For a more thorough description on these education tax benefits, check out this article.
Do you plan on moving in 2016?
If you move in 2016 for job-related purposes, you may be able to deduct your moving expenses as long as the move passes two qualifications -- the time and distance tests.
- The time test says that you need to work full-time for 39 out of the 52 weeks immediately following the move. You don't necessarily need to have a job lined up before you move -- you can move, find a job, and still claim the deduction if you satisfy the time requirement.
- The distance test is a bit trickier. According to the IRS's wording: "Your new workplace must be at least 50 miles farther from your old home than your old job location was from your old home. If you had no previous workplace, your new job location must be at least 50 miles from your old home."
If you qualify, this deduction can be pretty big. You can deduct the cost of driving to your new home, the costs of packing, shipping, and storing your belongings, and the cost of movers, just to name a few.
Tax deductions for homeowners: more than just mortgage interest
The mortgage interest deduction is widely known, and allows you to deduct the interest you pay on mortgages on a first and second home, up to a maximum of $1 million in original mortgage debt. To take advantage, you need to itemize deductions on your tax return.
In addition to mortgage interest, you can also deduct the property taxes you pay on your home(s). And this one isn't limited to a first and second home -- any homes you own qualify.
Low- and moderate-income taxpayers can also deduct any mortgage insurance premiums. This deduction allows taxpayers to treat qualified mortgage insurance expenses as mortgage interest for tax purposes. Unlike the other deductions, this phases out for married couples with adjusted gross income over $100,000, or over $50,000 for single filers.
Do you work from home?
If you work from home, the home office deduction can be a lucrative tax break. Qualified taxpayers have the choice of deducting a flat rate of $5 per square foot of dedicated home office space, or their actual business-related expenses of maintaining the home office.
However, it's important to be sure that your home office is really a home office as defined by the IRS. The first condition is that the space must be exclusively used as a home office -- a dual-purpose space such as a guest bedroom with a desk in it doesn't qualify. And the home office has to be your principal place of conducting your business. Here's a more thorough description of this deduction so you can know for sure whether it applies to you or not.
The list goes on
Technically, this is more than five deductions. I actually mentioned a total of seven tax deductions and three credits you may be able to use.

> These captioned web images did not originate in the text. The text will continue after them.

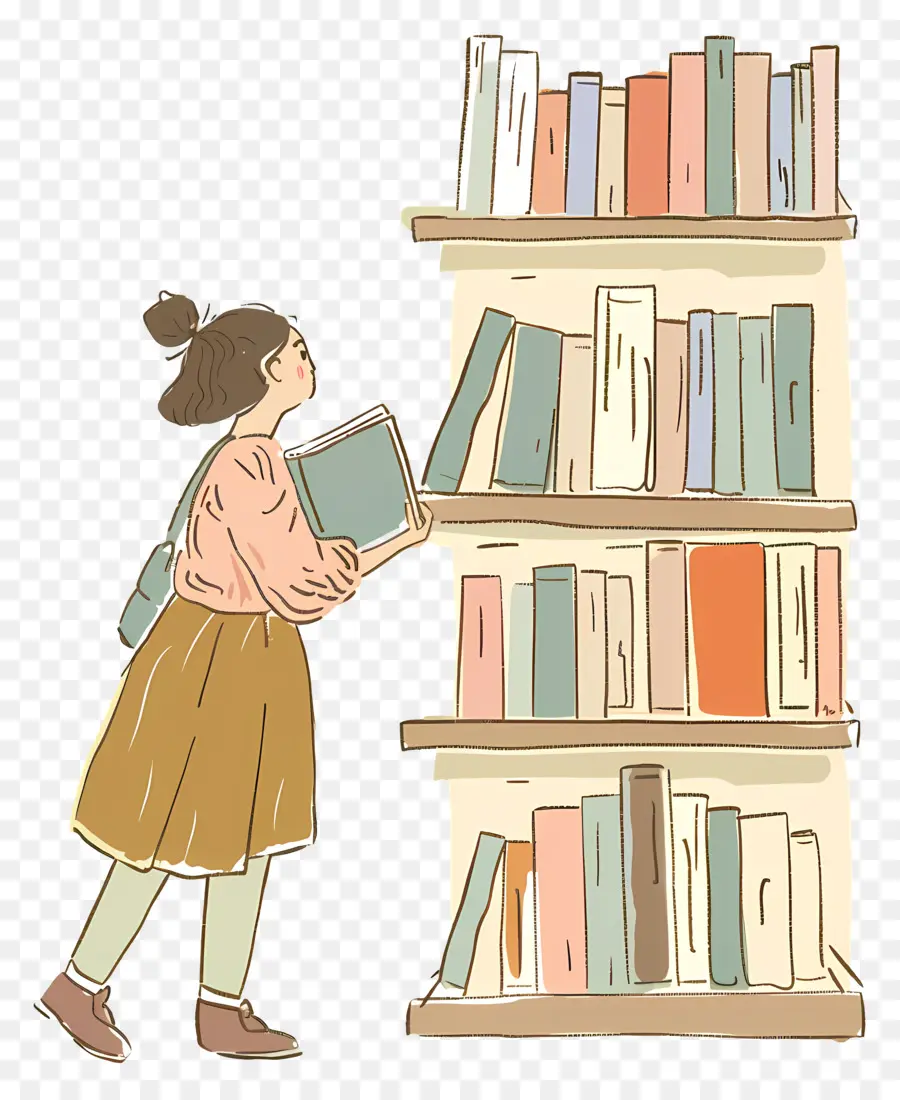 Lady Keening Books，Bookshelf PNG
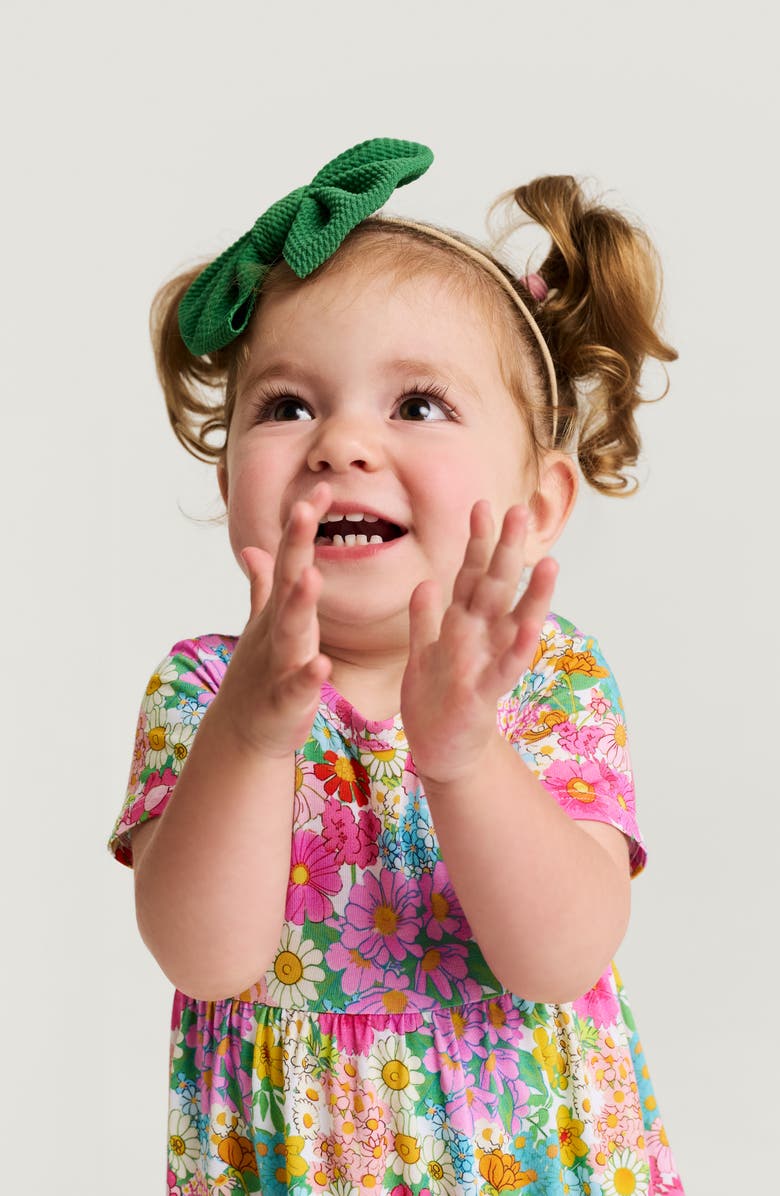 Posh Peanut Ruffle Skirted Bodysuit, Alternate, color, Pink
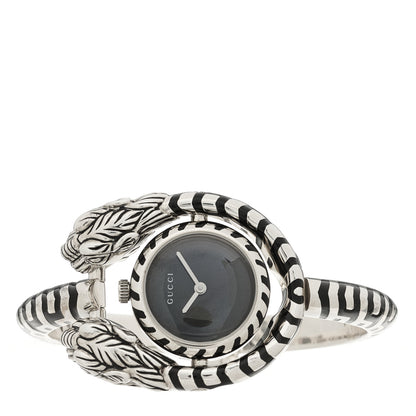 Gucci Sterling Silver Black Mother of Pearl 23mm Dionysus Quartz Watch 2 of 5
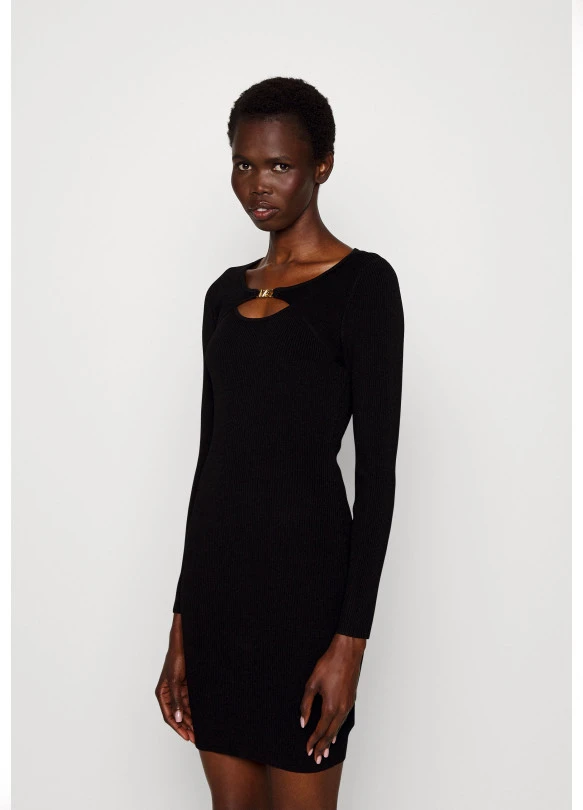 main_image_EMPIRE CUTOUT  - Vestido de punto - black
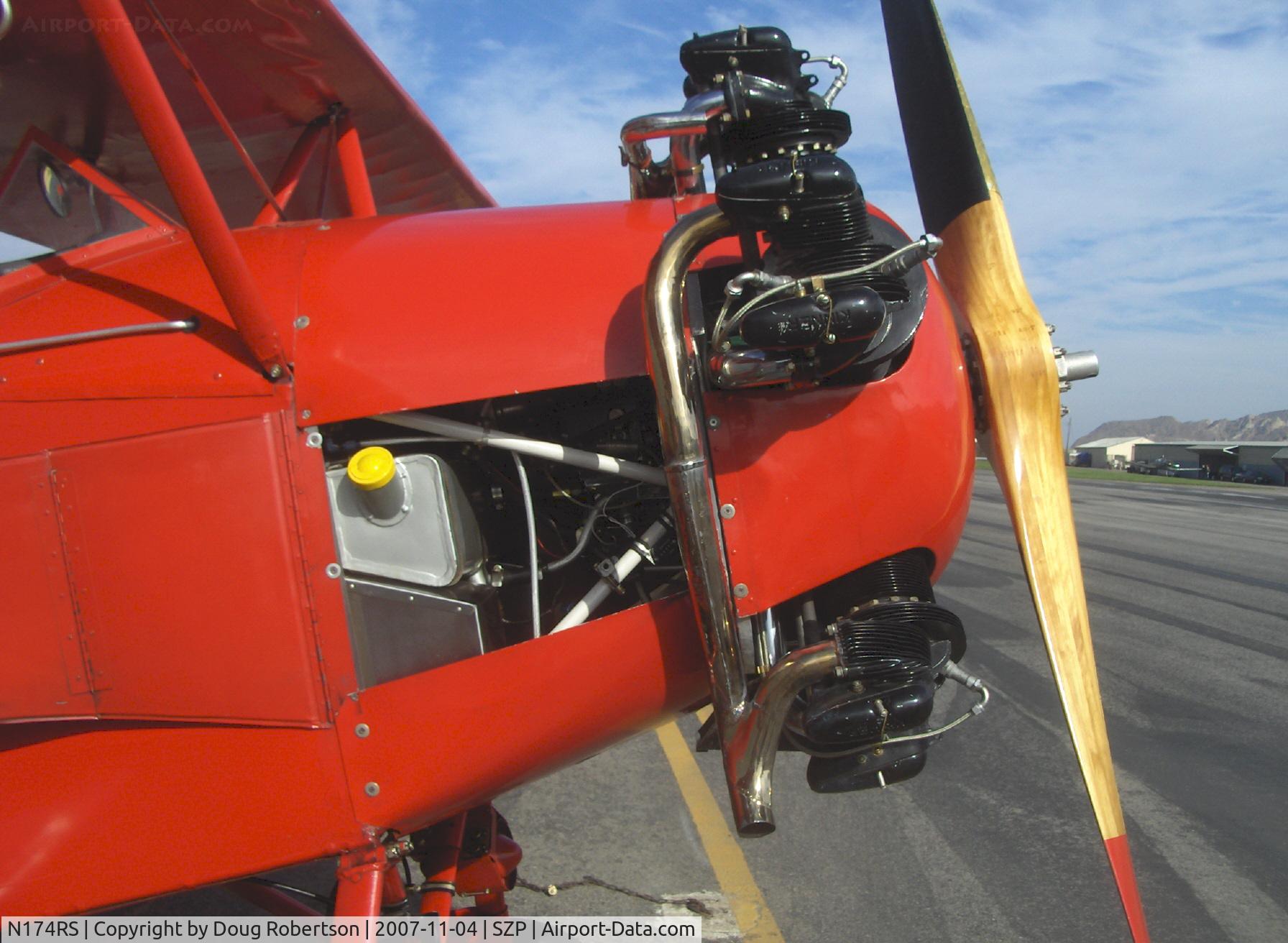 N174RS, 1936 Fleet 7B C/N 62, 1937 Fleet 7B, Kinner 5B 125 hp 5 cylinder radial engine, engine accessory compartment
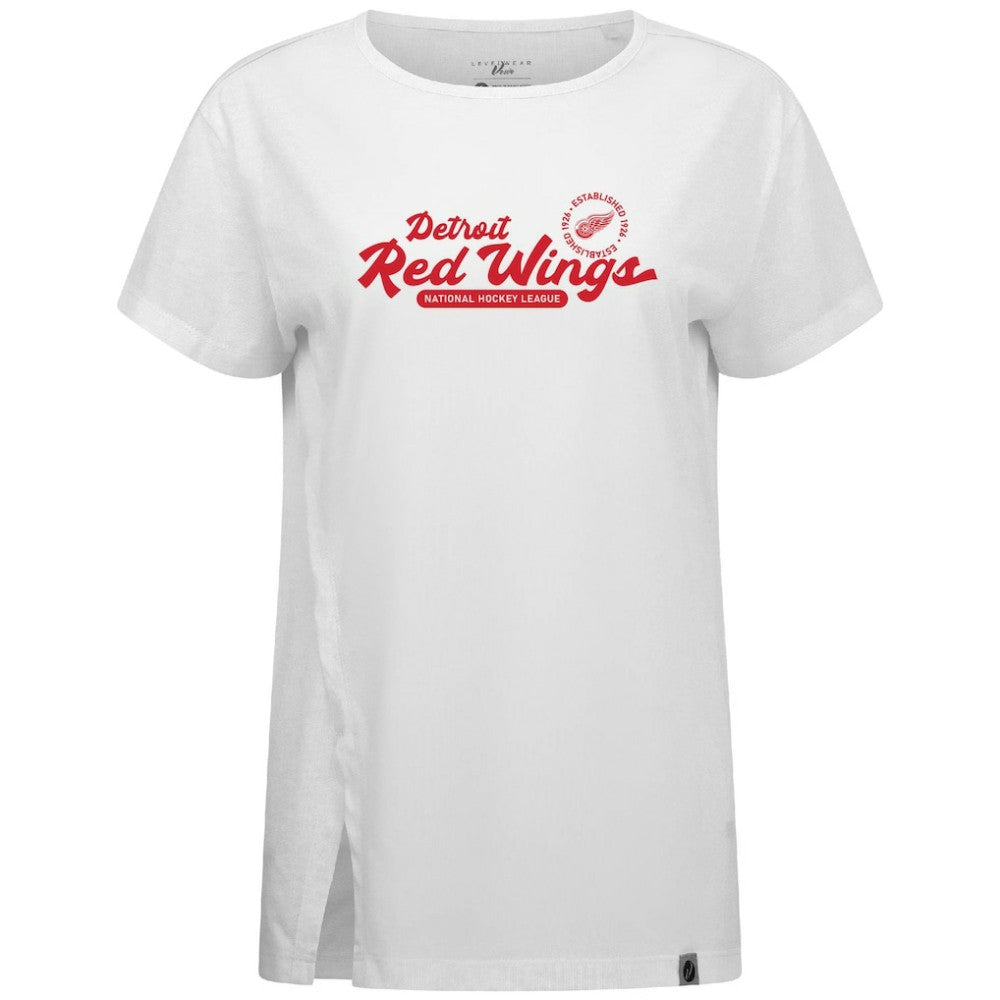 Detroit Red Wings - Levelwear Women's Influx Monument T-Shirt White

Still, the U.S. tax code is more than 74,000 pages long, and these are just a few of the many deductions and credits found within it that you might qualify for. This is why thorough tax preparation is so important -- researching and knowing all of the deductions and credits to which you're entitled could literally save you $1,000's. The IRS isn't going to hold your hand and help you get every dollar that's yours, so it's up to you.